* [Work item] Please start at the first line of the records beneath and quote each line exactly, ending with the line containing "Nissan Qashqai, 2010".

Dataset excerpts:

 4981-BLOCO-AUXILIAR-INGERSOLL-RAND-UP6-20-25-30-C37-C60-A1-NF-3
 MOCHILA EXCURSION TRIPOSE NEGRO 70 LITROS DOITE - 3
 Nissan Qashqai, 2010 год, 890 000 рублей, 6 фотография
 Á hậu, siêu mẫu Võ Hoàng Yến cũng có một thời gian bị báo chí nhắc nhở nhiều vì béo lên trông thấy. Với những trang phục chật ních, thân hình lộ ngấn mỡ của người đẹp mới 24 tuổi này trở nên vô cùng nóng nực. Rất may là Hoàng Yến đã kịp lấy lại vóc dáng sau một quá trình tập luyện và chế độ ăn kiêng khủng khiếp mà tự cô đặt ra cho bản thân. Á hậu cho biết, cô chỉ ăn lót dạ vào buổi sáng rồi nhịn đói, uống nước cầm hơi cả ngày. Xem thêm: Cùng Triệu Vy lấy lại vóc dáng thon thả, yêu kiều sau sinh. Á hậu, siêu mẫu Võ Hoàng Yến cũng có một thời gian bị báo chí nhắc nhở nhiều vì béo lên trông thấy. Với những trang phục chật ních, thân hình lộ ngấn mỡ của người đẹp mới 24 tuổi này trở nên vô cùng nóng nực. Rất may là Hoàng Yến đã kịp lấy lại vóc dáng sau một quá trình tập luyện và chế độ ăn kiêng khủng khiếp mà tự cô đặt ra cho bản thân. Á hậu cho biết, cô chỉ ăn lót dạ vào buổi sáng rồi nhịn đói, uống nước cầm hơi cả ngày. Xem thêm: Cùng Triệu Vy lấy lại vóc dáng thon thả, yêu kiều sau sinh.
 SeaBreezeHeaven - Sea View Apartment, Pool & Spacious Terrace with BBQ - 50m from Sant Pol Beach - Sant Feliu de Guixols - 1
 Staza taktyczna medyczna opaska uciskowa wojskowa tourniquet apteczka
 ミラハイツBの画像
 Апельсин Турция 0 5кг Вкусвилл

* [Answer box]
 4981-BLOCO-AUXILIAR-INGERSOLL-RAND-UP6-20-25-30-C37-C60-A1-NF-3
 MOCHILA EXCURSION TRIPOSE NEGRO 70 LITROS DOITE - 3
 Nissan Qashqai, 2010 год, 890 000 рублей, 6 фотография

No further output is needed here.